Whether it’s a budget constraint or a concern for the environment, enduring a summer in a house or apartment without air conditioning can be a sweltering nightmare in many climates. Fortunately, it doesn’t have to be that way. There are a lot of ways to keep your residence habitable even in the height of the summer heat without resorting to air conditioning. Here are a few of the best.

Whole House Fans

Usually mounted in an attic or upstairs room, these fans don’t carry a huge price tag – a few hundred dollars at most. You turn them on towards the end of the day, when the outside temperature is beginning to moderate but the inside temps are at their peak. Open a window at ground level, at the coolest outside area – a shady space between houses, or a window well that leaves the sunlit zone early in the day, is usually ideal – close up all the other windows, turn on the fan and VROOOOOM. The fan will suck every atom of hot air out of the house and replace it all with blessedly cool outside air, in just a few minutes of operation.

Insulate Your Attic

Your attic can reach temperatures of 150 degrees on even a moderately hot summer day. If you don’t want to live in an oven, you MUST insulate this overheated junk storage zone from the rest of the house. Floor insulation is relatively inexpensive, and if you have a hatchway into the attic, an insulated tent covering the hatchway can radically reduce the level of heat radiating down into the living space.

Block out the Sun

The Simpson’s Mr. Burns did it with a giant disk; you can do it with inexpensive bamboo screens or shutters. That solar input that helps make your house toasty in the winter is a brutal mistake in the summer – block out the light. Light that doesn’t make it into your house is heat that stays out as well. If the outside windows aren’t under your control (as in some apartment situations), interior treatments can be nearly as effective, and an application of e-film to the inside panes can cut insolation by half.

Seal Up, Then Open Up

It’s so tempting during the day to crack that window and let some air move – but it’s the wrong move to make.

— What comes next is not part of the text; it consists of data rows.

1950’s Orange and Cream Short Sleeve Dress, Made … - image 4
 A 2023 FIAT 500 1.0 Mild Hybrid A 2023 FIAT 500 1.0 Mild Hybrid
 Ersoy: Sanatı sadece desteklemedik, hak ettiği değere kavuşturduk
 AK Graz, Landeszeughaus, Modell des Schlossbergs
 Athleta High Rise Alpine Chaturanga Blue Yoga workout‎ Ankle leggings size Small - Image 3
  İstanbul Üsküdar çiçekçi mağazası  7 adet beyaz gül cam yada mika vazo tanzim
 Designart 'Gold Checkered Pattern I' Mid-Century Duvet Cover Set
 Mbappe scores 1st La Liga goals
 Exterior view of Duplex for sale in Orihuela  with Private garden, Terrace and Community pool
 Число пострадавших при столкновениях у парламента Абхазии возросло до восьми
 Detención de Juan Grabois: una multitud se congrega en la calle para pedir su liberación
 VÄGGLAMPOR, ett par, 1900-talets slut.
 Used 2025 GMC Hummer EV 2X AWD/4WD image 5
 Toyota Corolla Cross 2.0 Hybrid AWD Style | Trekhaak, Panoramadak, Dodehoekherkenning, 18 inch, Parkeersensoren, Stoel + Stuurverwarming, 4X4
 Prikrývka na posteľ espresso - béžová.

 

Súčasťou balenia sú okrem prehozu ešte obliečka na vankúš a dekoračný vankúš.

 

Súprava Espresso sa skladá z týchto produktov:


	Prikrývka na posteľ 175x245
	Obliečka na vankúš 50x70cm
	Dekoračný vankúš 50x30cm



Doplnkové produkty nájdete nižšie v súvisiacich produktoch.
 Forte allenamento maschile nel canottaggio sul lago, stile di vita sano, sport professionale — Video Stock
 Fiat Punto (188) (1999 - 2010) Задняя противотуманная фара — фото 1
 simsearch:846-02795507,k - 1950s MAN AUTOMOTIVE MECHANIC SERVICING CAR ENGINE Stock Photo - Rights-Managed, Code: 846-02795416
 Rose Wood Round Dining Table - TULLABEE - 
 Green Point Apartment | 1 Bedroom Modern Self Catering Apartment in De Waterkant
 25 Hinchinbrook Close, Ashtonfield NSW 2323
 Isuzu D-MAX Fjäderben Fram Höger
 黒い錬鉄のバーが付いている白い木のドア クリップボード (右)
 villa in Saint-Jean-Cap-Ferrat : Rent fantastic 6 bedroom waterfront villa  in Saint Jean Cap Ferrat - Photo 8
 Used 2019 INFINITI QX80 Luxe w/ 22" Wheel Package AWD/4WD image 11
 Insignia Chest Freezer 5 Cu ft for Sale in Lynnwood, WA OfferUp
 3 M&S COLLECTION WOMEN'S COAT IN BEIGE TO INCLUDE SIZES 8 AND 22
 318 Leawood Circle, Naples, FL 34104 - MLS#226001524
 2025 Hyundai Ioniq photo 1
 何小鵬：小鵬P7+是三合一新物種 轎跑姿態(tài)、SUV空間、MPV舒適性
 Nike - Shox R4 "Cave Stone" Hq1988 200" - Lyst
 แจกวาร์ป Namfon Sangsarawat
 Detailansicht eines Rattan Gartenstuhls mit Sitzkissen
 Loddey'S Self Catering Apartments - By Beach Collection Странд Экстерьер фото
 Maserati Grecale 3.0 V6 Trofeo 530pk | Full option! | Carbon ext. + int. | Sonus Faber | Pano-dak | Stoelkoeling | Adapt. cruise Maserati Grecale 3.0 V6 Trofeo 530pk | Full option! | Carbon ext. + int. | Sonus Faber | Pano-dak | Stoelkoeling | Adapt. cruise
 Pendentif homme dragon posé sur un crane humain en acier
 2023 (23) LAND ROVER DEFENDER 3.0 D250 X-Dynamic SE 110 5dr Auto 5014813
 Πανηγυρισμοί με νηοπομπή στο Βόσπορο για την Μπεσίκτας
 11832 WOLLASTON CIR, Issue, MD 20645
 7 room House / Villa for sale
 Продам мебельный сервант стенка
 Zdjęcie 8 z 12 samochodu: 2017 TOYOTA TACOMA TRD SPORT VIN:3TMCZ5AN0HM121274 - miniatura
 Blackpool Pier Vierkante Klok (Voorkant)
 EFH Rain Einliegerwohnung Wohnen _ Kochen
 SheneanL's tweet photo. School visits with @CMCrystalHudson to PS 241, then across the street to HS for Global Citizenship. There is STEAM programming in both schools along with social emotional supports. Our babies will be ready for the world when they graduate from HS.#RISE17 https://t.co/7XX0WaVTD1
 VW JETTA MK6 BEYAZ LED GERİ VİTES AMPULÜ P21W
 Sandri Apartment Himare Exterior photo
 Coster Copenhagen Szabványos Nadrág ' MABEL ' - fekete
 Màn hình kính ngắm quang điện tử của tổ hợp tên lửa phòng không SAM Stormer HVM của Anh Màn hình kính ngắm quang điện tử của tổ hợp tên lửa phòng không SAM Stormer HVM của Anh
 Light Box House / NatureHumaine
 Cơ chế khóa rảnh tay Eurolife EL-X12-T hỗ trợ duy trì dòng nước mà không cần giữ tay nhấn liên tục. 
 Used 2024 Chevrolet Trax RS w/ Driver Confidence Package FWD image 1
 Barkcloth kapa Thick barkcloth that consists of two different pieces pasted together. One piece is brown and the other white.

Keep the house as tightly sealed during the hot hours as humanly possible – then open up at night to let cool air in. If you must have air movement, crack a window at the hottest and coolest parts of the house – natural air movement should result in cooler air coming in and hot air exiting, but you can use a window fan to help the process along if needed.

Turn It Off

Every electrically-powered appliance or device in your house generates heat, and that heat isn’t being routed outside by the magical A/C fairies – it’s emitted straight into your environment. Turn everything off that isn’t in immediate use – everything. You can lower the temperature of your hot water heater as well.

Plant Something

Move inside plants outside – they add humidity, and thus perceived heat, to the interior environment. Then plant more plants, trees especially, around the house. Shade trees can cut the inside temperature by 3 to 6 degrees – but remember not to plant on the south side if you also want solar heating in the wintertime.

With these tips, you can turn down the heat inside without running a huge electric bill.